Exercise description:
All the data should be repeated exactly. Any image in it is left out.

(Records from a collection)
┄┄┄┄┄┄

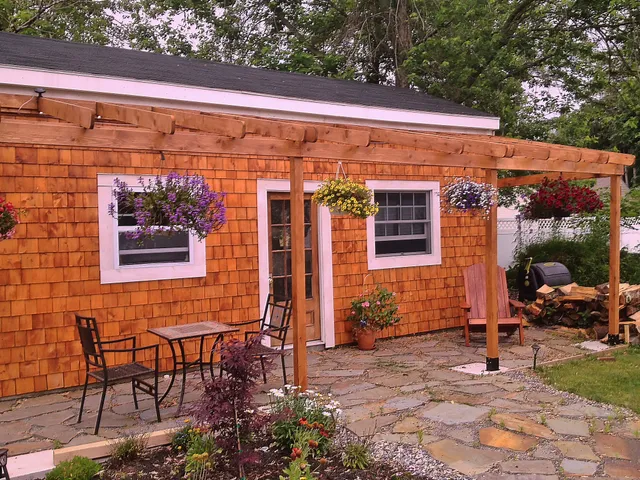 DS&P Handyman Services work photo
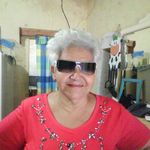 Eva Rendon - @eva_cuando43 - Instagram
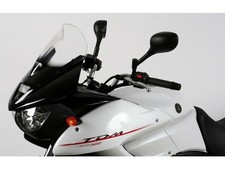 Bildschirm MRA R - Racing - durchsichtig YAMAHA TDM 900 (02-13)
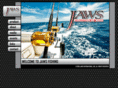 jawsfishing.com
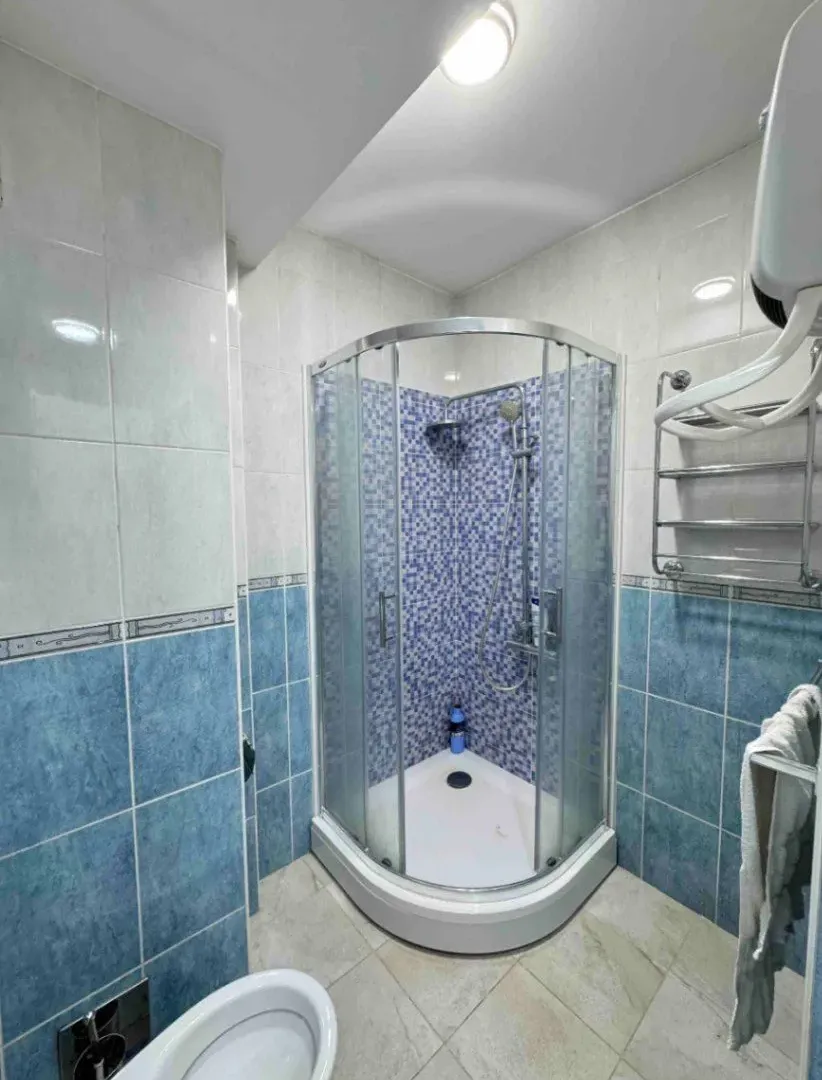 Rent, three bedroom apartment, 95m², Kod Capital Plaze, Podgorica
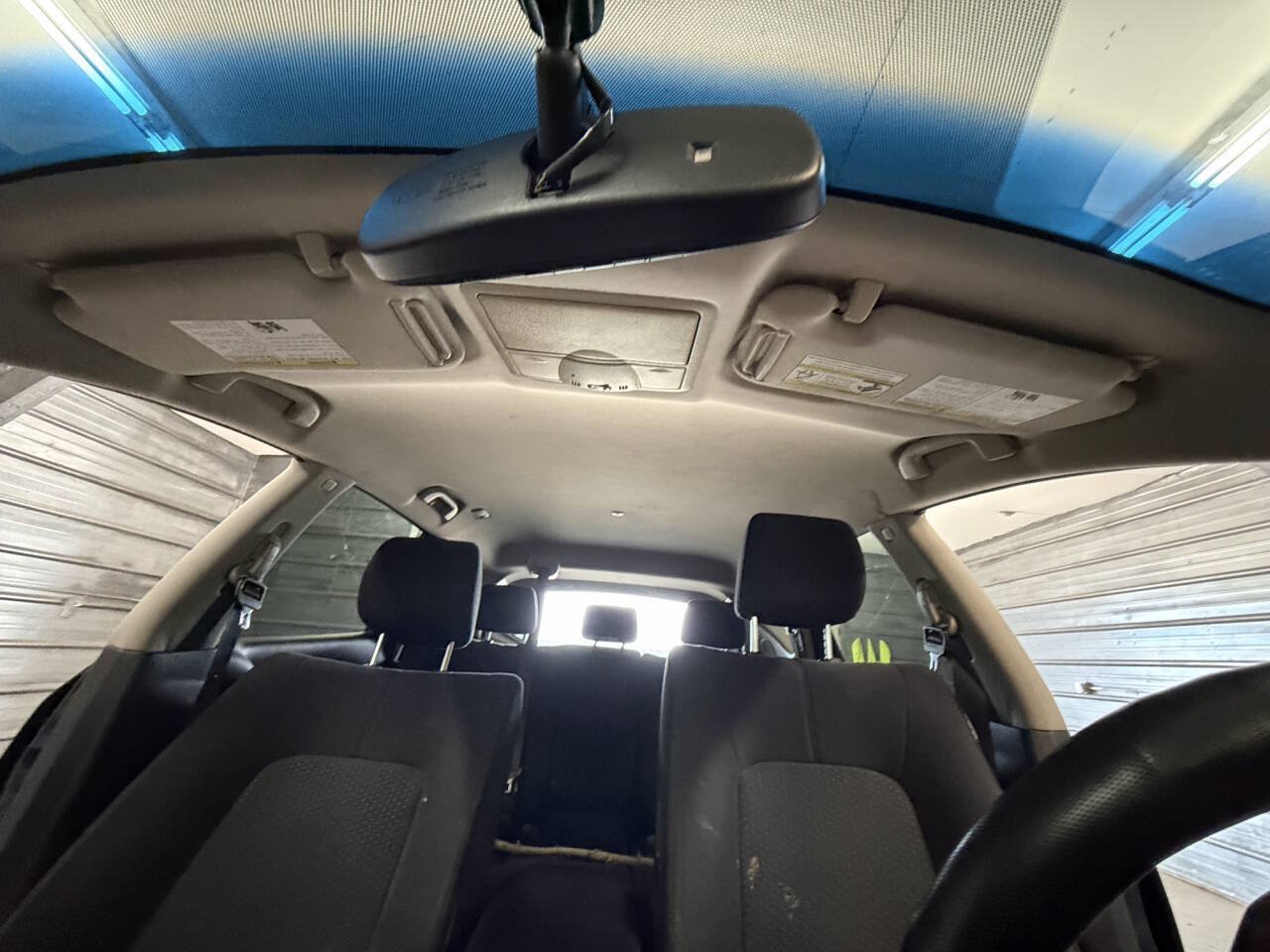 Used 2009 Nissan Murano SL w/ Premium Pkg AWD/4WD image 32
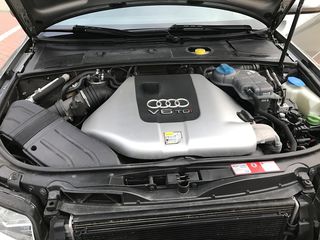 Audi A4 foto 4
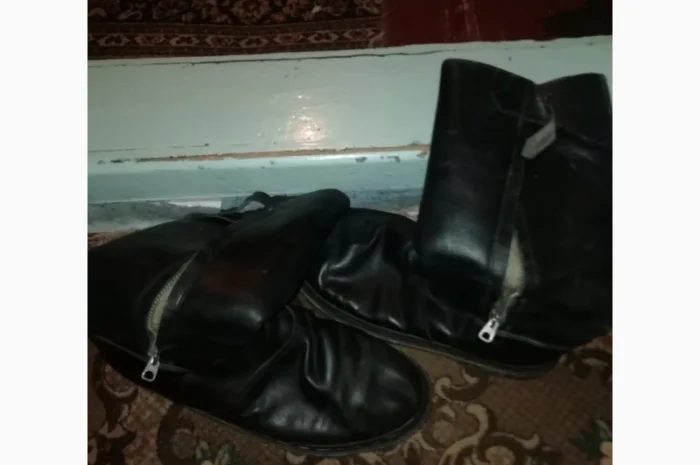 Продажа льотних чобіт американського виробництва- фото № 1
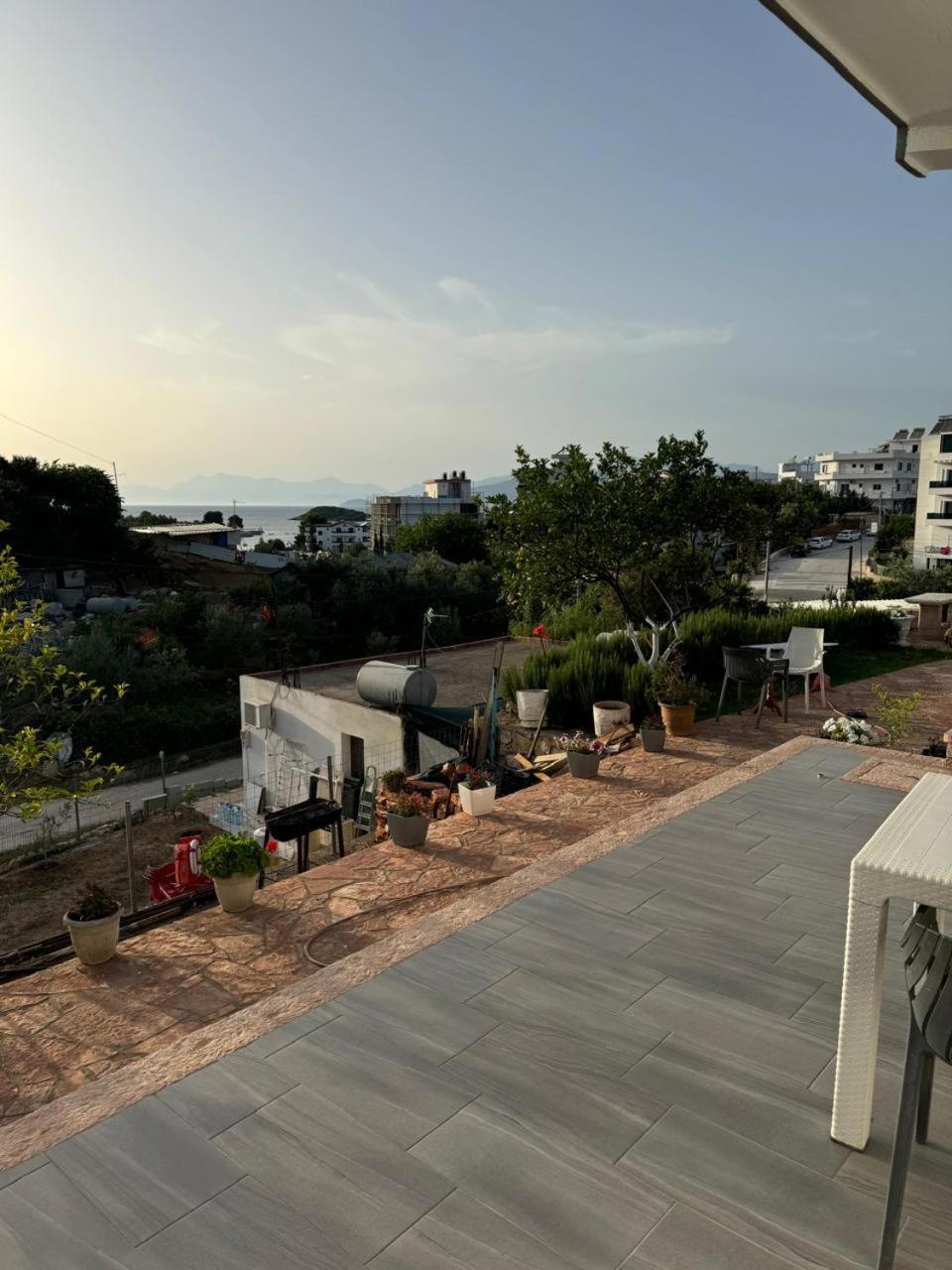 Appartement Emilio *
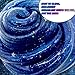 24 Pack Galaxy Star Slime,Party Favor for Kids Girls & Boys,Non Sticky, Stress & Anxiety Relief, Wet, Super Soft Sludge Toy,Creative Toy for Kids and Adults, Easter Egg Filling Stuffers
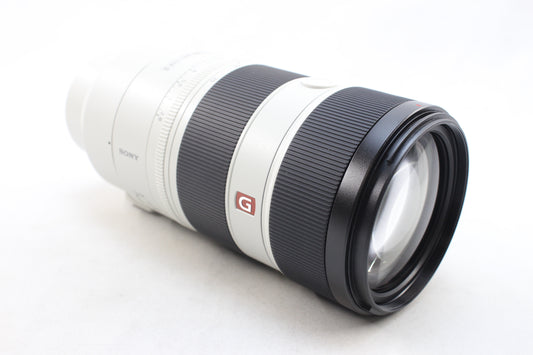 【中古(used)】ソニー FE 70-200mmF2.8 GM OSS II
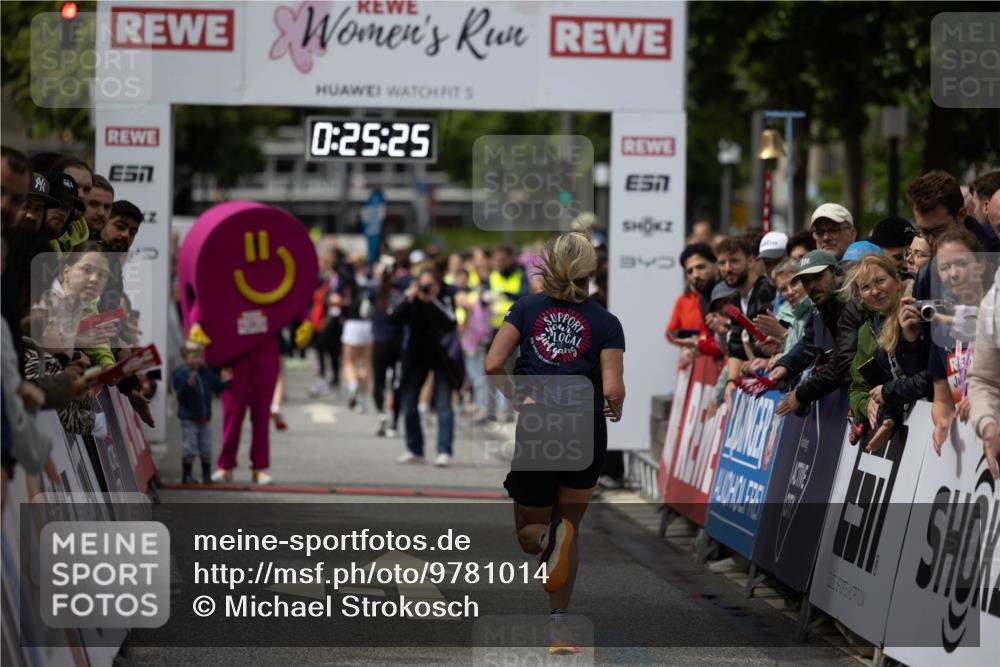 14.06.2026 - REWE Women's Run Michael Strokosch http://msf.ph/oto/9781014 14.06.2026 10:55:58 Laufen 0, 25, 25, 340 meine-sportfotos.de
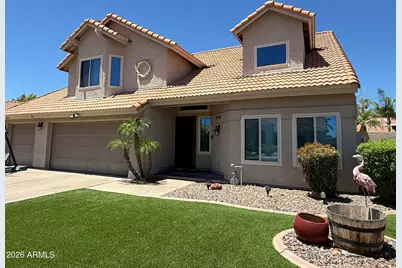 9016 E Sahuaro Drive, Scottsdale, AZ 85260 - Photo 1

┄┄┄┄┄┄

Answer section:
 DS&P Handyman Services work photo
 Eva Rendon - @eva_cuando43 - Instagram
 Bildschirm MRA R - Racing - durchsichtig YAMAHA TDM 900 (02-13)
 jawsfishing.com
 Rent, three bedroom apartment, 95m², Kod Capital Plaze, Podgorica
 Used 2009 Nissan Murano SL w/ Premium Pkg AWD/4WD image 32
 Audi A4 foto 4
 Продажа льотних чобіт американського виробництва- фото № 1
 Appartement Emilio *
 24 Pack Galaxy Star Slime,Party Favor for Kids Girls & Boys,Non Sticky, Stress & Anxiety Relief, Wet, Super Soft Sludge Toy,Creative Toy for Kids and Adults, Easter Egg Filling Stuffers
 【中古(used)】ソニー FE 70-200mmF2.8 GM OSS II
 14.06.2026 - REWE Women's Run Michael Strokosch http://msf.ph/oto/9781014 14.06.2026 10:55:58 Laufen 0, 25, 25, 340 meine-sportfotos.de
 9016 E Sahuaro Drive, Scottsdale, AZ 85260 - Photo 1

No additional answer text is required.